■ **THE TASK**
The answer consists of the lines from the line holding "Basically this aircraft" through the last line of the entries, retyped exactly, and nothing else. No pictures belong in it.

Dataset entries:
□ □ □ □
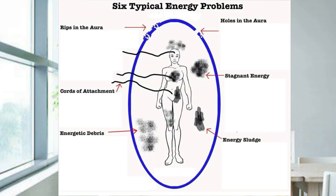I'm providing a picture here which will show the six typical types of problems found in the aura. These are: holes in the aura, cords of attachment, energetic debris, cracks in the aura, energy sludge, and stagnant energy.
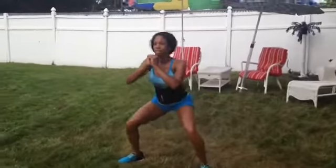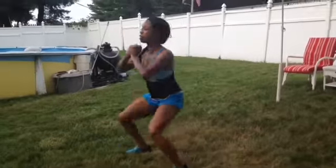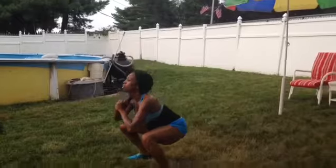Do three sets of 15 — that's five squats, five pulses, and five kickouts — and do three sets of those. It's Monday, it's cardio. Let's get it, ladies.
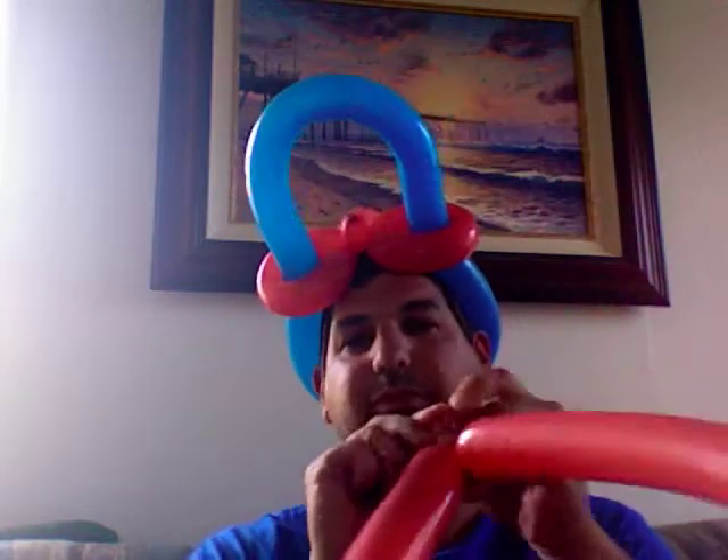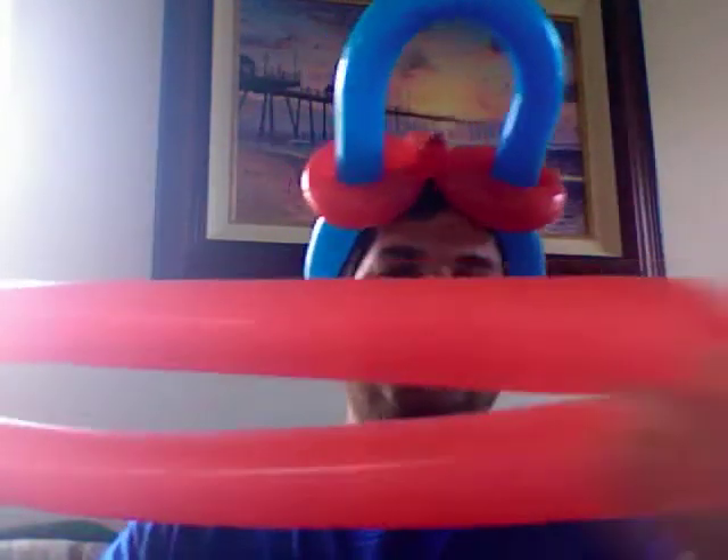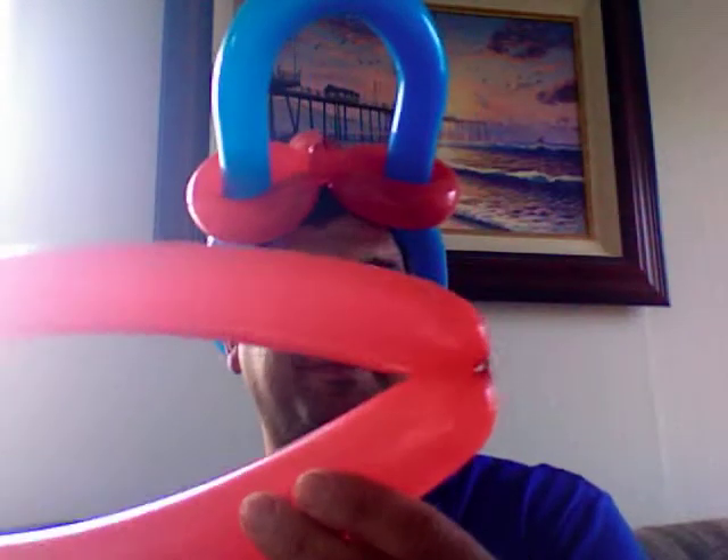Tie the two ends together, so you kind of get this. What you want to do is take the opposite end — see this tie end? On the exact opposite, you're going to take the center of that and give it a nice little couple of tugs, like so. Twist this together so you get kind of like a lips shape. Then grab about five or six inches away from the knot, give it a squeeze there, and exactly on the other side about the same length, with another squeeze.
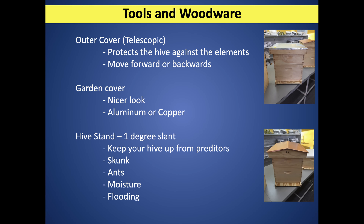Some folks put cinder blocks on the top — that's okay too. What I like is the strap, because it also keeps wildlife from getting into my hive. Now if it's bear, they're going to get in regardless. But I'm talking skunks and raccoons. It's a good thing to use a strap.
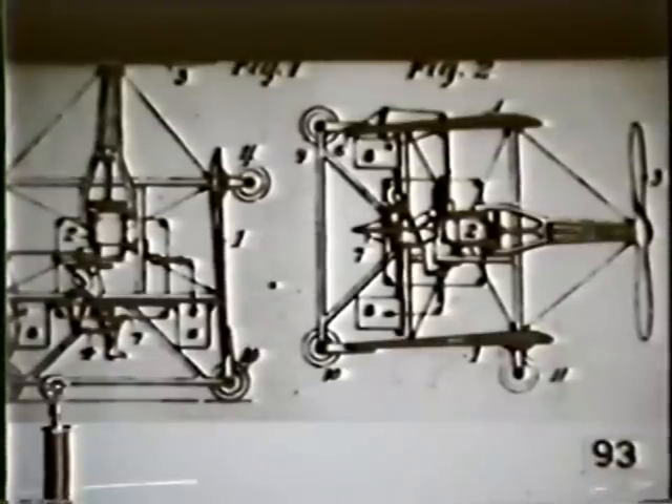Basically this aircraft would start vertically, and then in operation it would change its direction and continue horizontally, so it would make something like a square path. The present-day Air Force Pogo aircraft is actually doing exactly that.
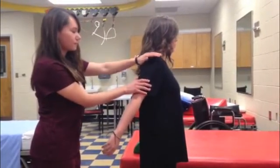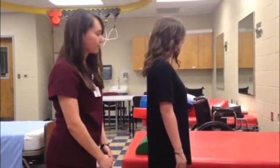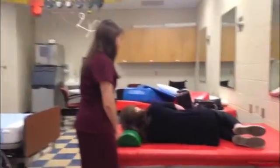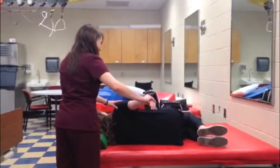If the patient is able to tolerate this without problems, they would receive a grade of 5 or normal. If the patient cannot actively perform this motion against gravity, instruct them to lay on their side to eliminate gravity. If they can now perform this motion while laying down, they will receive a grade of 2 or poor.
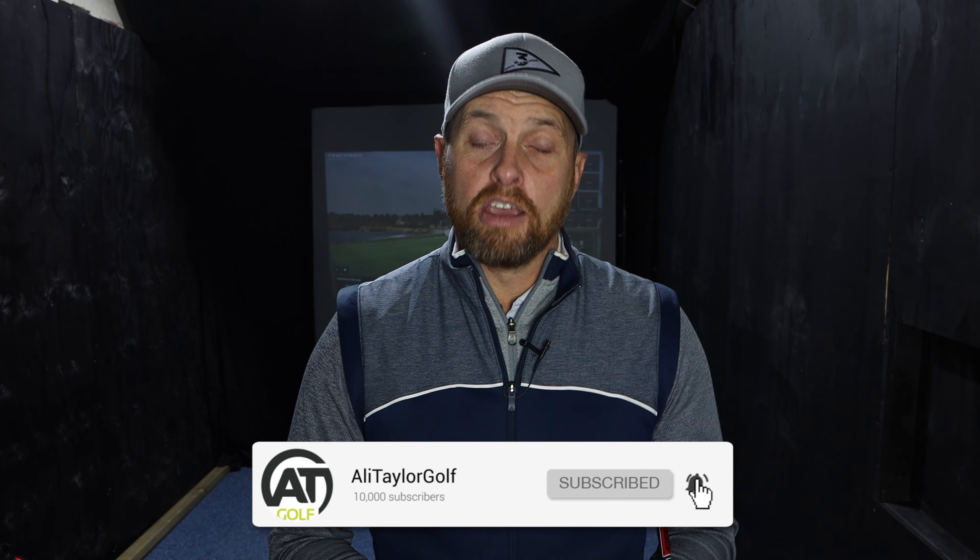Welcome to Ali Taylor Golf. If you're a new viewer, hopefully you enjoy today's video. If you're a returning viewer, hopefully you enjoy my content and that's why you've come back for more. If you do enjoy my content and you don't currently subscribe, please consider clicking the button below and ring the notification bell. But for now, let's talk about the best concept for rotation in your golf swing.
□ □ □ □
■ **EXERCISE RESULT**
Basically this aircraft would start vertically, and then in operation it would change its direction and continue horizontally, so it would make something like a square path. The present-day Air Force Pogo aircraft is actually doing exactly that.
If the patient is able to tolerate this without problems, they would receive a grade of 5 or normal. If the patient cannot actively perform this motion against gravity, instruct them to lay on their side to eliminate gravity. If they can now perform this motion while laying down, they will receive a grade of 2 or poor.
Welcome to Ali Taylor Golf. If you're a new viewer, hopefully you enjoy today's video. If you're a returning viewer, hopefully you enjoy my content and that's why you've come back for more. If you do enjoy my content and you don't currently subscribe, please consider clicking the button below and ring the notification bell. But for now, let's talk about the best concept for rotation in your golf swing.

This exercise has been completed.